I have the following type which I use as a message contract in WCF:

[MessageContract(IsWrapped = true, 
                 WrapperNamespace = "http://example.com/services", 
                 WrapperName = "EchoRequest")]
public class EchoRequest
{
    public EchoRequest() { }
    public EchoRequest(String value)
    {
        Value = value;
    }

    [MessageBodyMember(Name = "Value", 
                       Namespace = "http://example.com/services", 
                       Order = 0)]
    public String Value { get; set; }
}

When I generate a proxy to this type using svcutil.exe, I get a client which is able to communicate to a service which hosts it, with the XML namespaces on the elements correct according to the Message Contract attributes.

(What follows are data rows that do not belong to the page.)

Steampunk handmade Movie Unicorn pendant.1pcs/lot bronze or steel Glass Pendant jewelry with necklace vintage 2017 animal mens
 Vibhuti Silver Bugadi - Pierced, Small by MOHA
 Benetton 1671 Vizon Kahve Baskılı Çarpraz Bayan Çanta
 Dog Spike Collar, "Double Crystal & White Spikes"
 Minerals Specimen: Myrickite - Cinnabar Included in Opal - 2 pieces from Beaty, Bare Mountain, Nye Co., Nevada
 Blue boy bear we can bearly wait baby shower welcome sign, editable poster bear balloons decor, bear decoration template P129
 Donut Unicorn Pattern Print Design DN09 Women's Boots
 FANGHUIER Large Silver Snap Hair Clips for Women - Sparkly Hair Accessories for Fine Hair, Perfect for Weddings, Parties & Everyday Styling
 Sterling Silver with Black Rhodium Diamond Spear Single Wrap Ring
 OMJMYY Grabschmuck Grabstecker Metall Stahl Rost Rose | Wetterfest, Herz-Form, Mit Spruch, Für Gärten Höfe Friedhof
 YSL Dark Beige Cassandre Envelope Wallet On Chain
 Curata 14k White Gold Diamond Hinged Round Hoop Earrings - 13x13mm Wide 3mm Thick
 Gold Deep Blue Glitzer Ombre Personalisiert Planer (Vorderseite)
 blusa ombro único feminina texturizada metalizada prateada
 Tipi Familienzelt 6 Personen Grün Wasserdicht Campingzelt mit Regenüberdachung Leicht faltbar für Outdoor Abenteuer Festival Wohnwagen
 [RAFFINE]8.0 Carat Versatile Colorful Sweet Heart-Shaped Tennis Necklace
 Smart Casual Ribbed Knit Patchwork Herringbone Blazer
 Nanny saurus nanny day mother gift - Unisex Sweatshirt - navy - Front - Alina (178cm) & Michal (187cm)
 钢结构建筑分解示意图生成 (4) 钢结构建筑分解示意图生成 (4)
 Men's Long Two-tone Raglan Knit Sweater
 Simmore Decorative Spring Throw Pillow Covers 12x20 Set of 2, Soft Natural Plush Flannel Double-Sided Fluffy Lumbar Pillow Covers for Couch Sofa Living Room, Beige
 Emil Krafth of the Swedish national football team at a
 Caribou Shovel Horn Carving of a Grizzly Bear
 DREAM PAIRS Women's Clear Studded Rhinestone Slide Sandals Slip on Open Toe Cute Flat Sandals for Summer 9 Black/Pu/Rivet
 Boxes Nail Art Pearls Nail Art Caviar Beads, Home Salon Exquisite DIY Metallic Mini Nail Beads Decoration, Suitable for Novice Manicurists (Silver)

When I use Message.CreateMessage(...) on an instance of it, the namespaces revert to the default (http://schemas.datacontract.org/2004/07/...). When I use an instance of DataContractSerializer, the same thing happens. I try to pass a namespace to the DataContractSerializer constructor, and only the wrapper gets included in the namespace:

var requestMessage = new EchoRequest("hello, world!");
var serializer = new DataContractSerializer(typeof(EchoRequest), 
                                            "EchoRequest", 
                                            "http://example.com/services");
var stream = new MemoryStream();
serializer.WriteObject(stream, requestMessage);
var data = Encoding.UTF8.GetString(stream.ToArray());

At this, "data" is:

<EchoRequest xmlns="http://example.com/services"
             xmlns:a="http://schemas.datacontract.org/2004/07/TestClient"
             xmlns:i="http://www.w3.org/2001/XMLSchema-instance"&gt;
    <a:Value>hello, world!</a:Value>
</EchoRequest>

Why does the DataContractSerializer appear to ignore the MessageContract attributes? How does svcutil get this work?

+1  A: 

It's because message contracts are not data contracts, data contracts use different attributes to mark their classes. Try using a typed message converter;

EchoRequest echoRequest = new EchoRequest{ value = "Hello" };

TypedMessageConverter echoMessageConverter = TypedMessageConverter.Create(
                 typeof(echoRequest),
                 "YourActionNameHere",
                 "http://example.com/services");
Message request = echoMessageConverter.ToMessage(
    echoRequest,MessageVersion.Soap11);

You'll then have a message all ready to go and can pull the request body out if you need to.

blowdart
Yes, this is it! Books and docs appear quite fragmented on how to handle message contracts, and this is the first I've come across TypedMessageConverter. Thanks!